Hill thus found himself before SEC ALJ James E. Grimes. With respect to Hill’s due-process claims, Judge Grimes cited several law review articles finding that SEC has no statistically significant advantage in cases brought before an ALJ versus those brought in a federal court.10 Without resolving the constitutional issues, Judge Grimes found for Hill on the merits. Basically SEC had two sets of circumstantial evidence: the timing of Hill’s trades and the fact that Hill had a friend, with whom he had communicated often during the relevant period, who was friends with—and with whom he had communicated during the relevant period—a Radiant Systems insider.

Heyman testified that he never gave Murphy any confidential information about Radiant Systems. Judge Grimes found that to be credible testimony. Likewise, Murphy testified that he had neither received such information from Heyman nor passed any such information to Hill. Again, Judge Grimes found that evidence to be credible. In light of their credible testimony, the judge held, SEC’s circumstantial evidence was not sufficient to prove Hill had violated Rule 14e-3.

The Hill case broke no new law. It didn’t resolve the ongoing dispute over the constitutionality of the SEC administrative proceeding system. Instead, it simply turned on witness credibility, like so many thousands of other cases every year. So why was it newsworthy?
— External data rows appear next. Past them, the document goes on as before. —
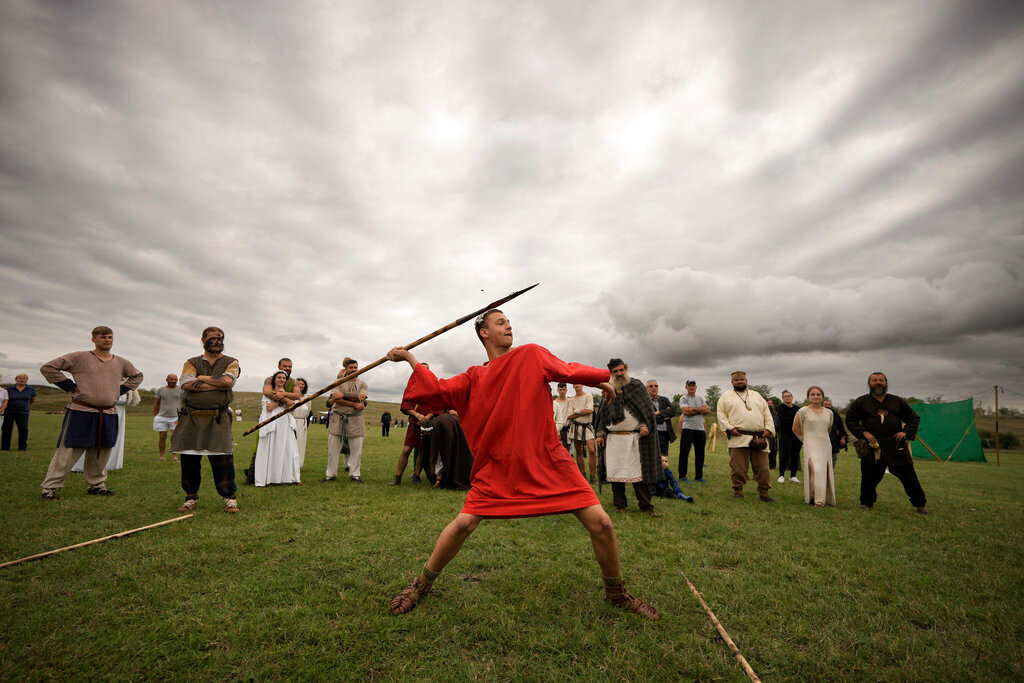 A man throws a spear during an ancient sports competition during the Romula Fest historic reenactment festival in the village of Resca, Romania, Saturday, Sept. 3, 2022. (AP Photo/Andreea Alexandru)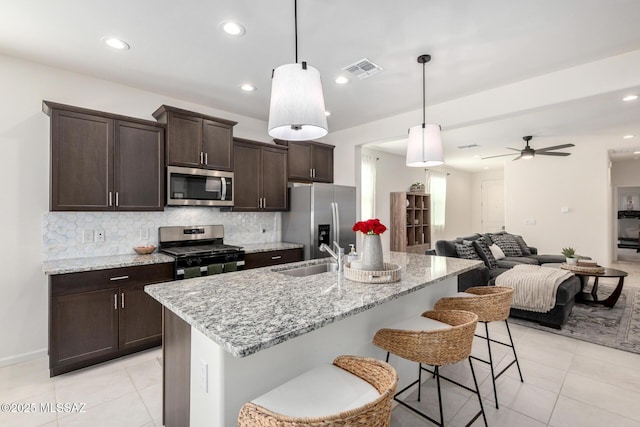 kitchen with visible vents, backsplash, dark brown cabinetry, stainless steel appliances, and a sink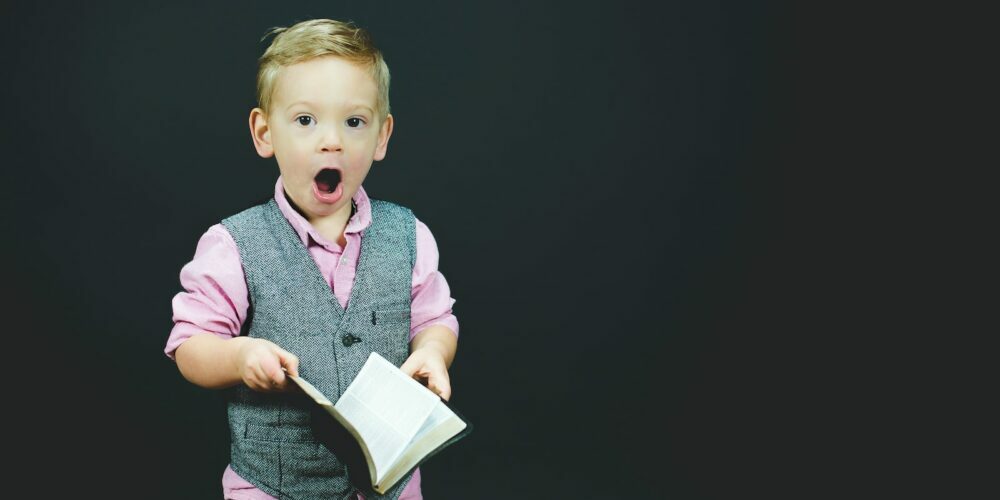 boy wearing gray vest and pink dress shirt holding book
There’s an old journalistic aphorism to the effect that a dog biting a man is not news, but a man biting a dog is news. That is precisely what we have here. Although some scholars claim that SEC does not have a statistically significant advantage in ALJ proceedings, many academics and practitioners continue to believe that SEC has a huge home-court advantage in administrative proceedings. In their view, an SEC loss before an ALJ is a man bites dog story. But don’t make too much of the story. After all, even the Seahawks lose at home sometimes.

Notes

  1. SEC Administrative Proceeding No. 3-16383 (Apr. 2017).
  2. Linda Jellum & Moses M. Tincher, The Shadow of Free Enterprise: The Unconstitutionality of the Securities & Exchange Commission’s Administrative Law Judges, 70 SMU L. Rev. ___ (forthcoming), available at SSRN: https://ssrn.com/abstract=2919644.
  3. Gideon Mark, SEC and CFTC Administrative Proceedings, 19 U. Pa. J. Const. L. 45, 52 (2016).
  4. Sarah A. Good & Laura C. Hurtado, Questionable Proceedings the Constitutionality of Adjudication by SEC Administrative Law Judges Faces Judicial and Legislative Challenges, L.A. Law., Feb. 2017, at 30, 31.
  5. Ibid. Defendants are also bringing claims that the process is unconstitutional under the Appointments Clause because the ALJs are appointed by SEC rather than the President. See Thomas Glassman, Ice Skating Up Hill: Constitutional Challenges to SEC Administrative Proceedings, 16 J. Bus. & Sec. L. 47 (2015).
  6. Stephen J. Crimmins, Insider Trading: Where is the Line?, 2013 Colum. Bus. L. Rev. 330, 362-63 (2013).
  7. Mark, supra note 3, at 52.
  8. Hill v. S.E.C., 114 F. Supp. 3d 1297, 1319 (N.D. Ga. 2015), vacated and remanded sub nom., Hill v. S.E.C., 825 F.3d 1236 (11th Cir. 2016).
  9. Hill, 825 F.3d at 1245-52.
  10. In re Hill, supra note 1, at 19 n.14.